■ TASK ITEM
Of all the entries below, retype only the lines from the one with "Automat Kitchen int 1GTL Construction" through the one with "2016 Cadillac Escalade ESV Luxury", exactly as they appear.
[[ GIVEN DATA open ]]
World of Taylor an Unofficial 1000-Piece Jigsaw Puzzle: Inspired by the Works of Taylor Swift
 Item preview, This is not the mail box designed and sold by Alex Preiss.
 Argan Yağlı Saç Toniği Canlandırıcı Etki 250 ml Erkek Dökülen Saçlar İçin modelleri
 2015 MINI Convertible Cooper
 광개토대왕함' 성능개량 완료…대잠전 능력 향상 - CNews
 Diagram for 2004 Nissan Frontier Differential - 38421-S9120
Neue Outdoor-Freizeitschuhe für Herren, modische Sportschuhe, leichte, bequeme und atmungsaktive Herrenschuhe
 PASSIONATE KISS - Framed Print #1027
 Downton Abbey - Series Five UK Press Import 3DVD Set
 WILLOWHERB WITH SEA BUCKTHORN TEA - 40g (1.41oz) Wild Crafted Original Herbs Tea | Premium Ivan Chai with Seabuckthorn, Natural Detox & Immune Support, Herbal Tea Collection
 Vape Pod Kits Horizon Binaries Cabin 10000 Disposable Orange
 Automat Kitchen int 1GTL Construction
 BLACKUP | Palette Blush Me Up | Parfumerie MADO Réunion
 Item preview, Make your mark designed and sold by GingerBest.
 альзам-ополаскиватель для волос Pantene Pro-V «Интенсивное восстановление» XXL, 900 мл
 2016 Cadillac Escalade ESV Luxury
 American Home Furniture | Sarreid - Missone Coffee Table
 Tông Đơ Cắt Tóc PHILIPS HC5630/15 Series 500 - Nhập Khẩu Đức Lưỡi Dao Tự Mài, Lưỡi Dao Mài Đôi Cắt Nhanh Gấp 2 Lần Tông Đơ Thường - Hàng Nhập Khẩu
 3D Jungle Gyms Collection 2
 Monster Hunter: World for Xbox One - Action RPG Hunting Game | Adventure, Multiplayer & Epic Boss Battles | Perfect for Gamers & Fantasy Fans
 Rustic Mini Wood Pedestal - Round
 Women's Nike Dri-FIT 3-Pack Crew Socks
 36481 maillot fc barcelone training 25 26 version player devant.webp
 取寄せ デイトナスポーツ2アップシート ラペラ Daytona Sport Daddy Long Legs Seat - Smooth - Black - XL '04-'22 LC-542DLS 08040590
[[ GIVEN DATA closed ]]
■ SOLUTION
 Automat Kitchen int 1GTL Construction
 BLACKUP | Palette Blush Me Up | Parfumerie MADO Réunion
 Item preview, Make your mark designed and sold by GingerBest.
 альзам-ополаскиватель для волос Pantene Pro-V «Интенсивное восстановление» XXL, 900 мл
 2016 Cadillac Escalade ESV Luxury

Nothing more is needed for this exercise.